_Extracted material:_
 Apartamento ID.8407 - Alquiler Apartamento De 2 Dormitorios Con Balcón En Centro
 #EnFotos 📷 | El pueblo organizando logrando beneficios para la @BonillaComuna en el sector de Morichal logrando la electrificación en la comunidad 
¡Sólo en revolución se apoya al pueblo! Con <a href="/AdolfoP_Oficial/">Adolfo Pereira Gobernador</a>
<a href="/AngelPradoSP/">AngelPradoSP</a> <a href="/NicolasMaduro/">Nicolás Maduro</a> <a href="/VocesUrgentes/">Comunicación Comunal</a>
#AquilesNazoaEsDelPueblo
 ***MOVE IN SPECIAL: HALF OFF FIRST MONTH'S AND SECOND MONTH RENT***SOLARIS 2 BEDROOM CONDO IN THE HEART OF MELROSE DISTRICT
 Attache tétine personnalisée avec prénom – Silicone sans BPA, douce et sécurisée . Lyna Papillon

---

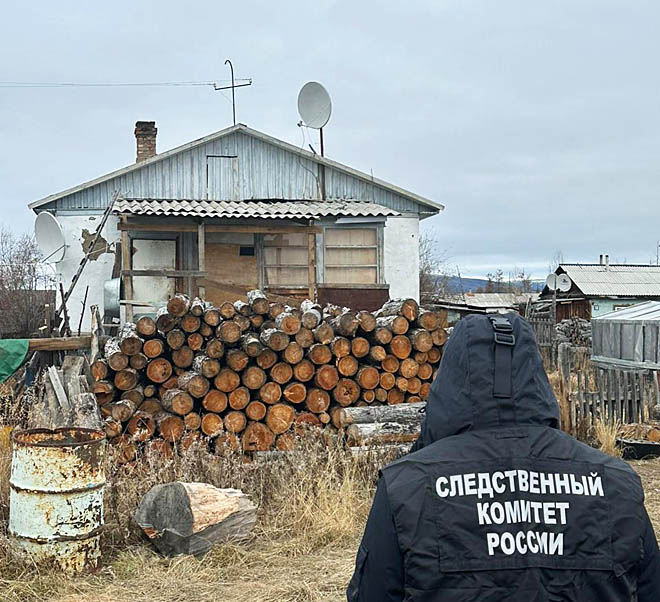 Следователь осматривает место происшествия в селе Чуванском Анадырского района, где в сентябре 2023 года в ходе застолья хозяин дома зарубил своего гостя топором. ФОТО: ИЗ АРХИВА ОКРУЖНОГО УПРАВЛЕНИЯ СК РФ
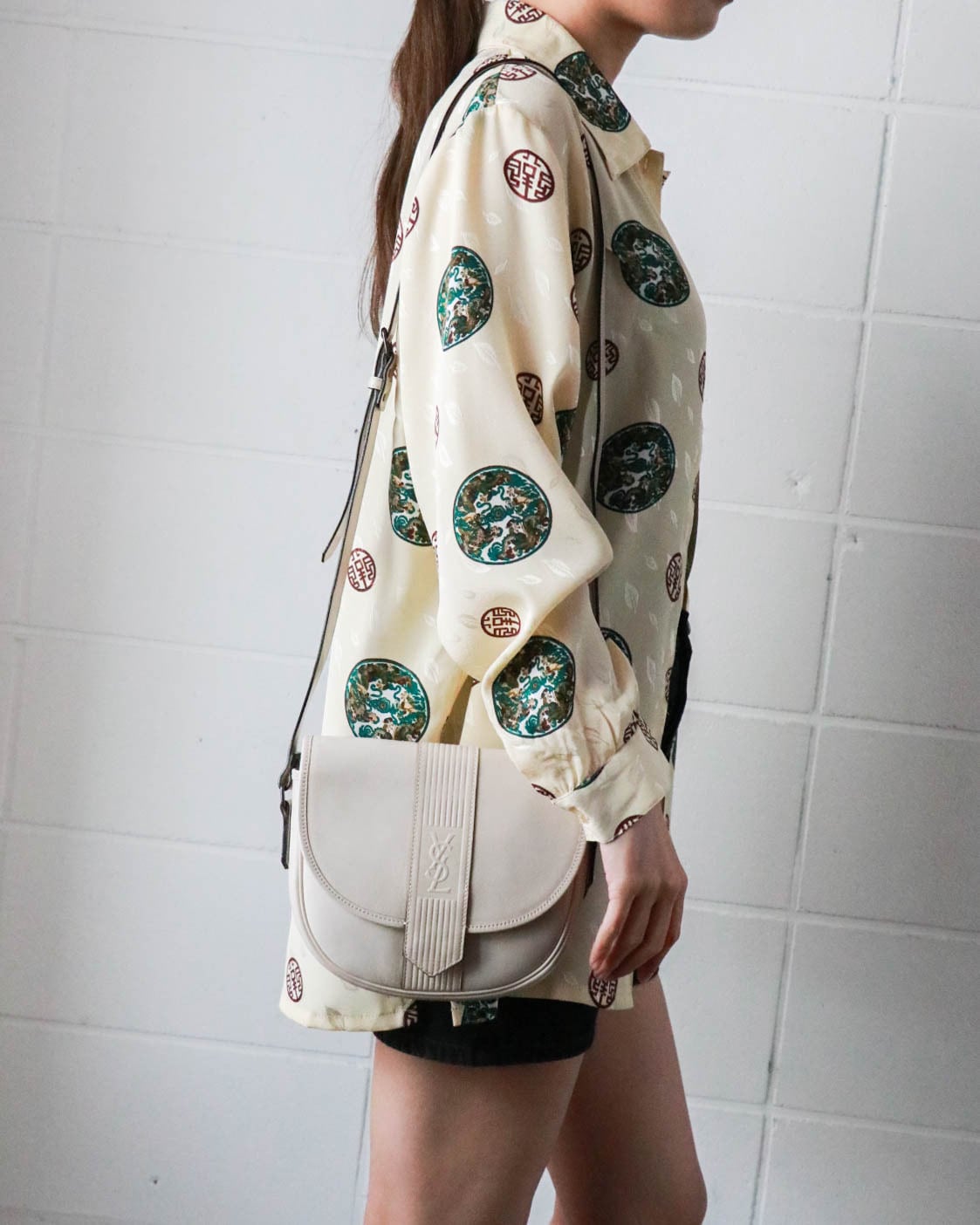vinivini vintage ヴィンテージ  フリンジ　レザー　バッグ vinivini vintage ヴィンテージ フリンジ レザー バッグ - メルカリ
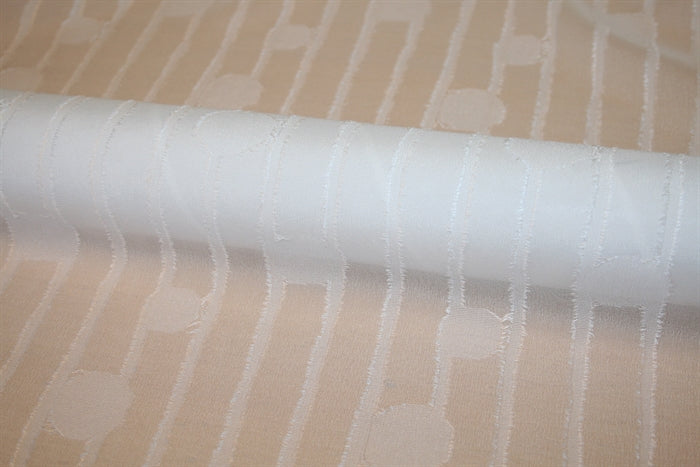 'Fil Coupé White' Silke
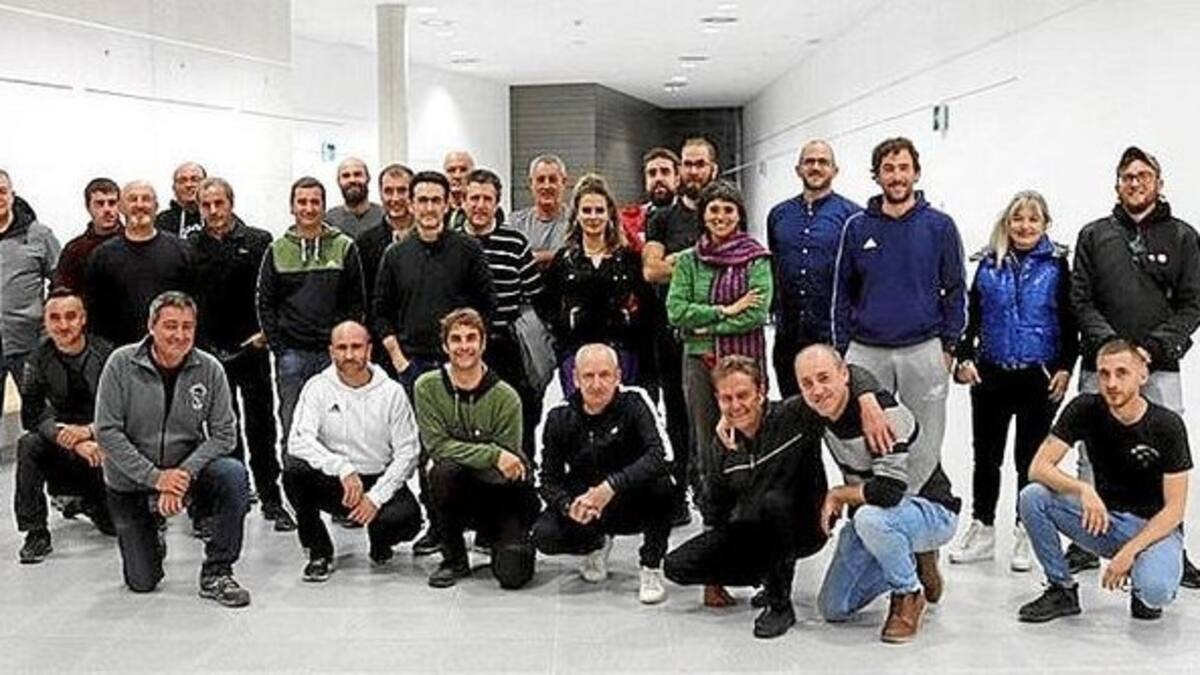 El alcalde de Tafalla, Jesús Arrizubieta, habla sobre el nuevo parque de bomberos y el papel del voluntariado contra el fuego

_Exercise description:_ Only one stretch of the records above is wanted: the lines between the one holding "Apartamento ID.8407 - Alquiler" and the one holding "Attache tétine personnalisée", inclusive, reproduced exactly.

_Solution:_
 Apartamento ID.8407 - Alquiler Apartamento De 2 Dormitorios Con Balcón En Centro
 #EnFotos 📷 | El pueblo organizando logrando beneficios para la @BonillaComuna en el sector de Morichal logrando la electrificación en la comunidad 
¡Sólo en revolución se apoya al pueblo! Con <a href="/AdolfoP_Oficial/">Adolfo Pereira Gobernador</a>
<a href="/AngelPradoSP/">AngelPradoSP</a> <a href="/NicolasMaduro/">Nicolás Maduro</a> <a href="/VocesUrgentes/">Comunicación Comunal</a>
#AquilesNazoaEsDelPueblo
 ***MOVE IN SPECIAL: HALF OFF FIRST MONTH'S AND SECOND MONTH RENT***SOLARIS 2 BEDROOM CONDO IN THE HEART OF MELROSE DISTRICT
 Attache tétine personnalisée avec prénom – Silicone sans BPA, douce et sécurisée . Lyna Papillon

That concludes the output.